Defendant's assertions are immaterial. As explained above, the express language of the plea agreement states that "defendant waives any right he may have to appeal his conviction or sentence . . . on the grounds that the sentence was imposed as a result of an incorrect application of the sentencing guidelines." Moreover, Defendant did not receive a sentence that was outside the scope of the plea agreement. As Defendant admits, "the parties agreed that the appropriate sentencing guideline range was 51-63 months." (Def.'s Br. Supp. Mot., 6.) Regardless of the probation department's calculations or re-calculations, Defendant agreed to a maximum sentence of 63 months. And he received a sentence of 63 months. Furthermore, Defendant entered the guilty plea in exchange for the Government's dismissal of the second count of the indictment. Thus, Defendant's guilty plea insured that he would receive no more than 63-months imprisonment, which is the sentence that the Court imposed.

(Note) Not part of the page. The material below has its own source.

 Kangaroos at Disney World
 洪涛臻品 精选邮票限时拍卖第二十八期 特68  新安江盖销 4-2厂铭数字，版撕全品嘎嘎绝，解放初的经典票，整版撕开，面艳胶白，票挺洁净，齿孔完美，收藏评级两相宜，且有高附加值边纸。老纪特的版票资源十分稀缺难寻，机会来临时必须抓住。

Lastly, Defendant argues that his sentence is inconsistent with United States v. Booker, 543 U.S. 220 (2005), because the Booker Court ruled that the sentencing guidelines were advisory rather than mandatory. However, Booker does not apply to this case. In United States v. Bradley, the Sixth Circuit held that a change in the law is not grounds for a defendant to renege on a plea agreement with the Government. 400 F.3d 459 (6th Cir. 2005). The Sixth Circuit explained that "the Supreme Court has long instructed [that a plea agreement] may waive constitutional or statutory rights then in existence as well as those that courts may recognize in the future." Bradley, 400 F.3d at 463. Furthermore, the Sixth Circuit stated that "[w]here developments in law later expand a right that a defendant has waived in a plea agreement, the change in law does not suddenly make the plea involuntary or unknowing or otherwise undo its binding nature." Id. Thus, in Bradley, the Sixth Circuit held:

Having voluntarily and knowingly bargained for a decrease in the number of counts charged against him and for a decreased sentence, [defendant] cannot now extract two components of that bargain — his agreement to be sentenced under the then-mandatory Guidelines and his agreement to waive his right to appeal — on the basis of changes in the law after that bargain was struck.
Id. at 465.

Here, as in Bradley, the Court finds that Defendant is not entitled to renege on his plea agreement, which he voluntarily and knowingly entered. The Court sentenced Defendant in October 2003 — more than one year before the United States Supreme Court issued its decision in Booker, in 2005. Thus, Booker is not applicable to the case at hand.

III. CONCLUSION

For the reasons stated above, Defendant has not proven ineffective assistance of counsel or that his guilty plea was involuntary and unknowing. Accordingly,

IT IS ORDERED that Defendant's motion under 28 U.S.C. § 2255 is denied.


Summaries of

U.S. v. Hicks

United States District Court, E.D. Michigan, Southern District
Nov 7, 2006
Criminal Action No. 00-CR-80042, Civil Action No. 06-CV-12628 (E.D. Mich. Nov. 7, 2006)
Case details for

U.S. v. Hicks

Case Details

Full title:UNITED STATES OF AMERICA Plaintiff, v. JAMES HICKS, Defendant

Court:United States District Court, E.D. Michigan, Southern District

Date published: Nov 7, 2006

Citations

Criminal Action No. 00-CR-80042, Civil Action No. 06-CV-12628 (E.D. Mich. Nov. 7, 2006)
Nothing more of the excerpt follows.